Throughout history, IT departments have managed computing and related services — applications, storage, networking — in the context of supporting human end-users interacting with infrastructure and data. They evolved centralized data centers into distributed computing systems in order to connect people and data effectively across the globe. Now, with the proliferation of Internet of Things (IoT), IT departments are facing another significant shift as human demand for data is surpassed by machines.
Higher volumes of machine-to-machine communications from robots, retail store sensors and other connected devices are forcing IT departments to put more computing resources into supporting IoT. It also has the technology industry rethinking what’s at the core of distributed computing: the operating system, according to Satyam Vaghani, vice president and general manager for IoT and AI at Nutanix.
"Because what machines need will be fundamentally different, operating systems will have to be dramatically different from the operating systems that were built for human use cases of computing," Vaghani said.
3 Ways 'Computing for Machines' is Different
Vaghani listed three primary challenges created by massive distributed IoT systems.
[Listen to Podcast interview with Satyam Vaghani]
First is the scale of the data involved.
Research firm IDC has predicted that the IoT will comprise more than 41.6 billion connected devices by 2025. Those digital machines, large and small, will contribute to a staggering inventory of 175 zettabytes of data collected and stored.
A zettabyte is a billion terabytes, or (10 to the 21st power) bytes.
Translation: We're already drowning in data, and the tide's still coming in.
"We need to create systems that can ingest masses of data in real time, and provide services to allow a new generation of machine learning and artificial intelligence applications to use that data," said Vaghani.
That will mean making complex architectural decisions about how massive amounts of data will be captured, sorted, moved, stored and analyzed.

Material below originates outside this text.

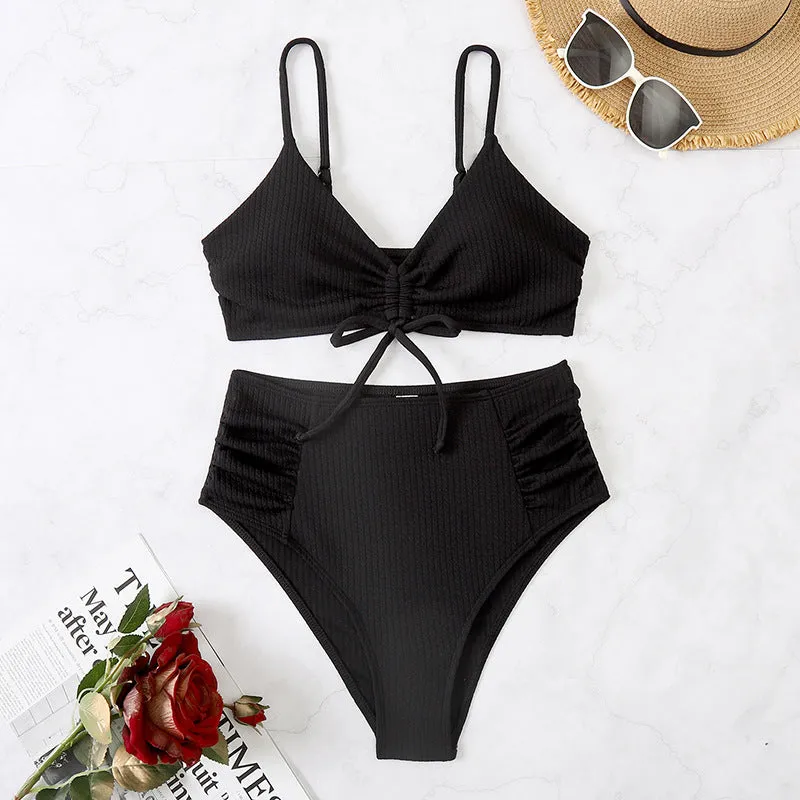 Upopby Solid Pleated High Waist Bikini Set Womens Swimsuit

The scope of the data challenge "is one or two orders of magnitude bigger than some of the best computing systems we as humans have created so far," Vaghani said. "If there was ever a 'putting a man on the moon' challenge for computer science, this is probably it."
The second problem is operating distributed systems at scale.
Zettabytes of data will be hard to wrangle, but managing the sensors and systems themselves is a related but different challenge.
Consider a company that operates thousands of factories, offices or retail locations.
"You need to now deploy an exact blueprint across 55,000 locations — and manage the consistency, security, et cetera," said Vaghani.
"People are not necessarily good at managing a fleet of machines in a single data center. Now we are talking about every factory, every retail store, every ship, becoming a mission-critical data center.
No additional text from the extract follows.